Data warehouse
There are three aspects to the warehouse:
1) data warehouse table definitions
2) Data elements and data hierarchy definitions
3) the system that takes the definitions and executes them
Define the tables for the data warehouse. (1)
The first two are your primary needs. How it works is like this:
In the data warehouse components.xml file (2) there are Base warehouse tasks. These link to the related table structures, the required manager beans, and the child task. The base warehouse task requires a class for pulling the beans that you want to warehouse. It is standard, but not required, to have one base task per manager. We set up the managers with a specific method for pulling all the beans managed by the manager.

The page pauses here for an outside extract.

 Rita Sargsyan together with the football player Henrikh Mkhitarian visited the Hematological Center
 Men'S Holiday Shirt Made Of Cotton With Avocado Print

The child tasks list the fields to be captured by the data warehouse, the insert statement (the ? are in the order of the fields listed), the clear statement for cleaning the warehouse, and any complex fields. The fields are linked to the bean properties via the get(property) methods. The insert and clear statements are to allow the child task to interact with the tables in the data warehouse. Complex fields are for off shoot child tasks... Aka, any properties that are not base types (Strings, ints, dates, etc.) but for object and list of object properties. Each item in the list will enact the sub child object.
(3) There are various ways of accessing data. The usual is the bean property access. But when looking at, for example, bean properties that are Ids. We can't store the Id object but with the Id property access, the access function will pull the value out of id. This allows the Id to be stored into the DW. There are other access classes so get familiar with them.
Test, test, test. That's it.
To recap:
- create the base task class
- create the warehouse tables
- create the base task bean
- create the children tasks
FYI, the order of the task and child task beans is important. The base should be at the bottom. Each layer of object deepness should drive the bean further up towards the top of the file.